In diesem Jahr bin ich bereits zum dritten Mal in Santiago de Compostela gewesen. Die erste Reise im Jahre 1998 mit meinem Sohn erfolgte mit einem Leihwagen vom Madrider Flughafen aus. Wir fuhren im Auto an die in Reiseführern genannten wichtigen Orte des „Camino francés“ mit seinen Kirchen, Klöstern und anderen Baudenkmälern heran. Wir kamen so mühelos in einsame Pyrenäen-Täler, um die Natur zu erleben. Kontakte zu anderen Pilgern konnten dabei nicht entstehen. Auch die Beschwernisse des Wanderns oder Radfahrens waren auf dem rund 800 km langen Weg von den Pyrenäen bis Santiago auf diese Weise nicht erfahrbar. Bescheidene Unterkünfte wie Refugien ließen wir damals aus. Es war für mich so etwas wie eine Informationsreise.

 

Anders verlief dagegen meine Pilgerreise im Jahr 2000 allein mit dem Fahrrad durch Frankreich, über die Pyrenäen und weiter über den „Camino francés“ nach Santiago de Compostela. Zu viel Gepäck, ein zu einfaches 7- Gang- Rad, aber eine hohe Motivation für die Erreichung des Zieles nach dem Ausscheiden aus dem Berufsleben machten diese Reise für mich zu einem unvergesslichen Erlebnis. Egal, ob ich in Deutschlands oder Frankreichs Jugendherbergen übernachtete, ob auf Bauernhöfen oder in Klöstern, überall wurden mir Freundlichkeit, Wohlwollen und manchmal sogar Herzlichkeit nach langen Fahrzeiten am Tag entgegengebracht. Der kürzeste Weg zwischen zwei Menschen ist ein Lächeln – sagt ein Sprichwort. So lernte ich jenseits der Pyrenäen den Portugiesen Carlos kennen, mit dem ich heute noch in brieflichem Kontakt stehe. Sicherlich ist der „Camino francés“ ein Pilgerweg von hohem europäischen Rang und ein wichtiges Kulturerbe. Täglich kommt man an mehreren Kirchen auf dem Weg vorbei.
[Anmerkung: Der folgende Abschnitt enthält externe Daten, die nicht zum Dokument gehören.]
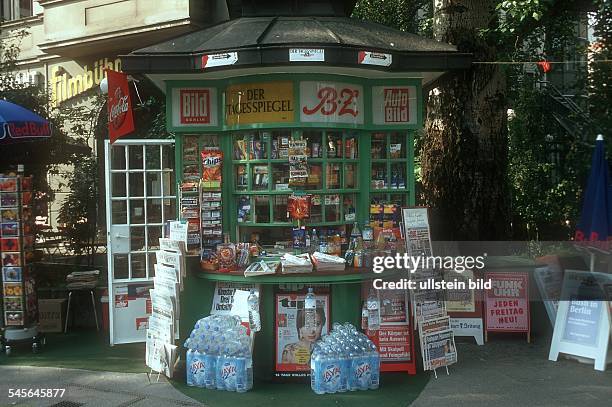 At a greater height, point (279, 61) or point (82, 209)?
point (279, 61)

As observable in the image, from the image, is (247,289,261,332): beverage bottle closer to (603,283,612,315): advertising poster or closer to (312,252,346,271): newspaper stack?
(312,252,346,271): newspaper stack

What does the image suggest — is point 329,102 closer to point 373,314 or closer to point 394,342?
point 373,314

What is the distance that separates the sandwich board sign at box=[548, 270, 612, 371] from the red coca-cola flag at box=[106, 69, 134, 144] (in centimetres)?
505

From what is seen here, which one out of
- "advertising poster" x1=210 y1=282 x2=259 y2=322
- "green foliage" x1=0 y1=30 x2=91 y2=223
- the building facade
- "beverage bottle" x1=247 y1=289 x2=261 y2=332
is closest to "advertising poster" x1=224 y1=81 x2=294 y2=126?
"advertising poster" x1=210 y1=282 x2=259 y2=322

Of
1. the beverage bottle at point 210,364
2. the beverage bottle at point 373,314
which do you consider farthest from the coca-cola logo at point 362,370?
the beverage bottle at point 210,364

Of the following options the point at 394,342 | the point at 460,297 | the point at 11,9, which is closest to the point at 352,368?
the point at 394,342

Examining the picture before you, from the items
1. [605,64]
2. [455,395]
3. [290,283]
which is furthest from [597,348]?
[605,64]

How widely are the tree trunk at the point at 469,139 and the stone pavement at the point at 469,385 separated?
84.3 inches

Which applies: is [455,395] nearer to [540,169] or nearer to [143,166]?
[143,166]

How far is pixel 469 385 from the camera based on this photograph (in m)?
5.82

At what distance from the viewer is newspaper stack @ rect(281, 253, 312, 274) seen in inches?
230

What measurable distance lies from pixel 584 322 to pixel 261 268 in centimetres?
342

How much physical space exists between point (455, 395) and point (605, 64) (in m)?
5.33

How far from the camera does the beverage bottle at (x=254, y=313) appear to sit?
5.84 m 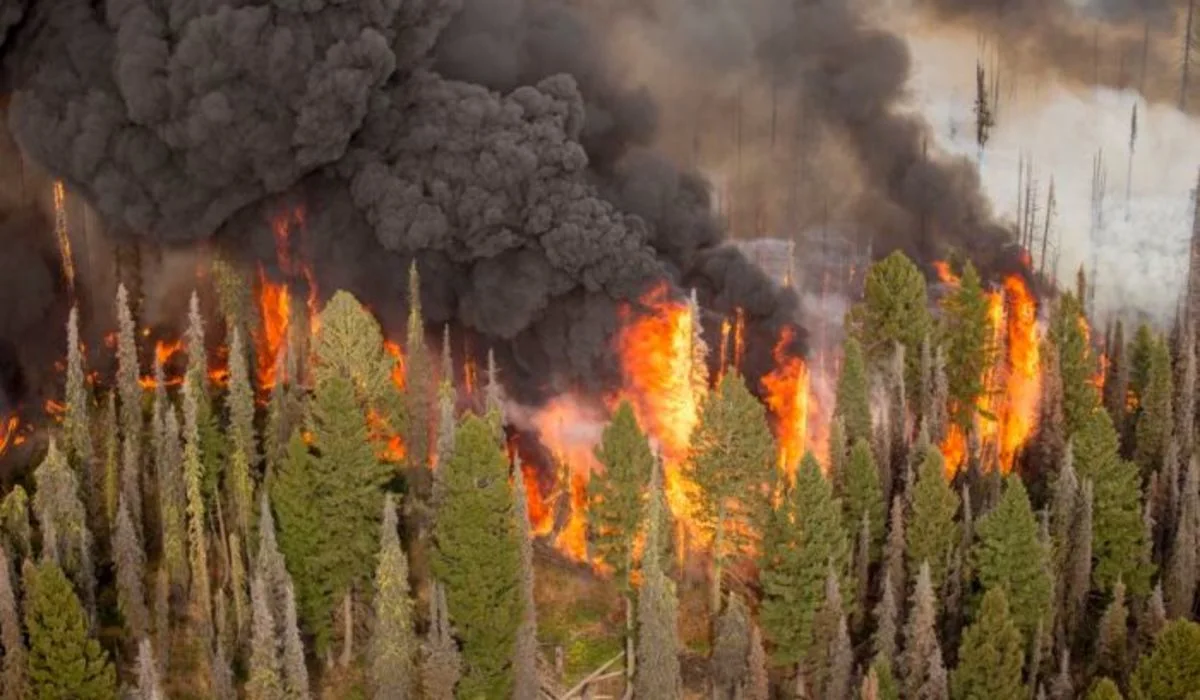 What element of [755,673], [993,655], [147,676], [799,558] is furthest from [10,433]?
[993,655]

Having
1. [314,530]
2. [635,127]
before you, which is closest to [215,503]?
[314,530]

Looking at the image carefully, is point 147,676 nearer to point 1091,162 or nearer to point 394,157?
point 394,157

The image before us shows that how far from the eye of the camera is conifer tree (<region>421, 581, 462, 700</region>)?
72.4 meters

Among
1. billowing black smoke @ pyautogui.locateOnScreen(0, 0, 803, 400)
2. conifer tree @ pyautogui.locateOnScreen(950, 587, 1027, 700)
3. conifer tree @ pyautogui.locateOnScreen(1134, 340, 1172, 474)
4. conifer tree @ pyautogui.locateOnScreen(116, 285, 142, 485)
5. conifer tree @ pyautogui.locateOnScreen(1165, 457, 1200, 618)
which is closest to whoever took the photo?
conifer tree @ pyautogui.locateOnScreen(950, 587, 1027, 700)

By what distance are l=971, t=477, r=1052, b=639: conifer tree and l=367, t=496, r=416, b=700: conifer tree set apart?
2635 cm

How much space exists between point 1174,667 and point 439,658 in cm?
3035

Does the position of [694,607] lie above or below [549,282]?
below

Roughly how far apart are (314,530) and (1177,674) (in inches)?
1440

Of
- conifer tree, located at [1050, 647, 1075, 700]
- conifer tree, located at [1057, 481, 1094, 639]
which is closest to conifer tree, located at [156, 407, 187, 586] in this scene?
conifer tree, located at [1050, 647, 1075, 700]

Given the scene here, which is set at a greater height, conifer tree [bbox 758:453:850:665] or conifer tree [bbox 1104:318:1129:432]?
conifer tree [bbox 1104:318:1129:432]

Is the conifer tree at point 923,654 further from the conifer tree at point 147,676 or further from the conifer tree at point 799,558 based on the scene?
the conifer tree at point 147,676

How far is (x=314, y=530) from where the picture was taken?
74.9m

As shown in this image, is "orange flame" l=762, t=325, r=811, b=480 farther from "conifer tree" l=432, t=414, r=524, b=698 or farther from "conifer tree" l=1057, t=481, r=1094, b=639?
"conifer tree" l=432, t=414, r=524, b=698

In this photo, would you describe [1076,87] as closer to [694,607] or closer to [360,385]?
[694,607] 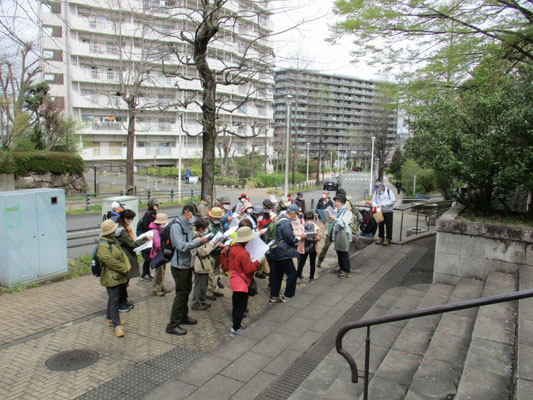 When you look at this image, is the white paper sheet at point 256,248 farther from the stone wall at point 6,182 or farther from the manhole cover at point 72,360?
the stone wall at point 6,182

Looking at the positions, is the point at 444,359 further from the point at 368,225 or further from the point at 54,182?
the point at 54,182

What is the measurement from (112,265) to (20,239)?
3.29 meters

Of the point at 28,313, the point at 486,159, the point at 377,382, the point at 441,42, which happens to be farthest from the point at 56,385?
the point at 441,42

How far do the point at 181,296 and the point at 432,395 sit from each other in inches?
140

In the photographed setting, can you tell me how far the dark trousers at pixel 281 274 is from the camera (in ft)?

Die Infrastruktur mit Übernachtungsmöglichkeiten, Gastronomie und Geschäften ist gut ausgebaut.

 

Eine ganz andere Strecke ist dagegen der Jakobsweg des Südens, die „Vía de la Plata“ mit über 1200 km Länge von Sevilla nach Santiago de Compostela. In den Regionen Andalusien, Extremadura, Kastilien-Leon und Galicien liegen Dörfer und Städte mit ihren alten Kirchen, Hostals, Refugios oder Brunnen räumlich wesentlich weiter auseinander als auf dem „Camino frances“. Oft hatte ich den Eindruck, gar nicht auf einem Pilgerweg zu sein. Ich fühlte mich unterwegs allein, immer auf der Suche nach dem Ziel: dem Grab des heiligen Apostels Jakobus. Wer auf diesem Weg ist, kann in schwierigen Situationen nicht mit der Solidarität oder Loyalität der Mitpilger rechnen, denn es gibt kaum Pilger auf diesem Weg. Ich hatte auf dieser einsamen Pilgerreise viel Zeit zur Meditation. Während der Fahrt betete ich manchmal den Rosenkranz, fand dabei aber auch ein Auge für die Schönheiten der herrlichen Landschaften. Wie im Tagebuch erwähnt, begegnete ich nur wenigen Menschen, aber dafür mit einer Herzlichkeit, die bei uns zu Hause eher zu den Ausnahmen zählt.

 

In Compostela habe ich natürlich das Grab des Apostels Jakobus öfter besucht, habe die Jakobusbüste am Hochaltar umarmt und mir einige Male den Portico de la Gloria angeschaut, was ich in meinem Tagebuch nicht besonders erwähnt habe, weil es für jeden Santiagopilger eine Selbstverständlichkeit darstellt. Auf mein Fahrrad konnte ich mich verlassen. Es gab keine einzige Panne, nicht einmal Luft musste ich während der Fahrt nachpumpen. Während der ganzen Pilgerfahrt bin ich weder bestohlen worden, noch wurde ich krank oder stürzte mit dem Rad. Besonderen Dank für meine Pilgerfahrt nach Compostela muss ich meiner Frau Dorothea sagen, die mich zum zweiten Mal schweren Herzens allein ziehen ließ, mich aber mit Gottvertrauen in Gedanken begleitete.